El mayor espectáculo del mundo
Después de mucha polémica, por fin el 8 del 8 del 8, a las 8 y 8 de la tarde hora local, comenzó la ceremonia de inauguración de los Juegos Olímpicos de Pekín. Los chinos no defraudaron y dejaron a todo el mundo boquiabierto con un espectáculo colosal de principio a fin. Incluso los organizadores de los próximos Juegos de Londres reconocieron que les habían puesto el listón muy alto y sería difícil superarlo.
Zhang Yimou fue el artífice de la espectacular ceremonia, que había rechazado dirigir Steven Spielberg por motivos políticos. Creo fue un acierto contar con el maestro del cine chino, pues sin duda conoce mejor la idiosincrasia de su país que el norteamericano. El espectáculo aunó la tradición de la China milenaria con la modernidad de un país que apuesta por el futuro. Todo en él fue grandioso y perfecto, desde los movimientos de masas hasta los efectos especiales.
Después del tradicional desfile de los atletas participantes, los discursos y el izado de la bandera olímpica, llegó el momento más esperado. La forma de encender el pebetero era el secreto mejor guardado y estuvo a la altura, nunca mejor dicho. Cuando el último relevista de la antorcha fue alzado hasta lo más alto del estadio y comenzó su vuelta triunfal corriendo por el aire, el público entró en éxtasis. Sin duda será ésta la imagen que perdure en nuestras retinas.
España se estrenó con una medalla de oro en el primer día de competición, algo que nunca se había conseguido en unos Juegos. Fue para Samuel Sánchez, el menos conocido del dream team del ciclismo español. Espero que este triunfo no se vea empañado por el positivo por EPO de la ciclista española Maribel Moreno, que bien se podía haber quedado en su casa y haber dejado su plaza a algún deportista de verdad.
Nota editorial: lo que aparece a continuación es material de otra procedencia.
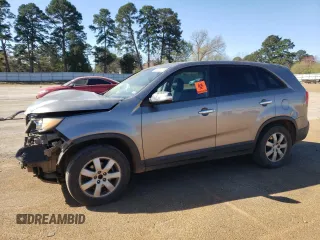 2012 Kia Sorento LX z VIN 5XYKT4A14CG203809, wystawiony jako Copart lot #49721785 z przebiegiem Nie podano mil oraz Szkoda całkowita • Salvage title. Historia ofert i sprzedaży dostępna na DreamBid. Obrazek 1.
Parece que las aspiraciones españolas de superar las 22 medallas de Barcelona se pueden cumplir si sigue la racha, porque el segundo día conseguimos la segunda medalla. El bronce de José Luis Abajo "Pirri" en espada bate dos marcas a la vez: es la primera medalla olímpica española en esgrima (curiosamente, el único deporte olímpico que tiene su origen en nuestro país) y es la medalla número 100 de España en todas sus participaciones en los Juegos.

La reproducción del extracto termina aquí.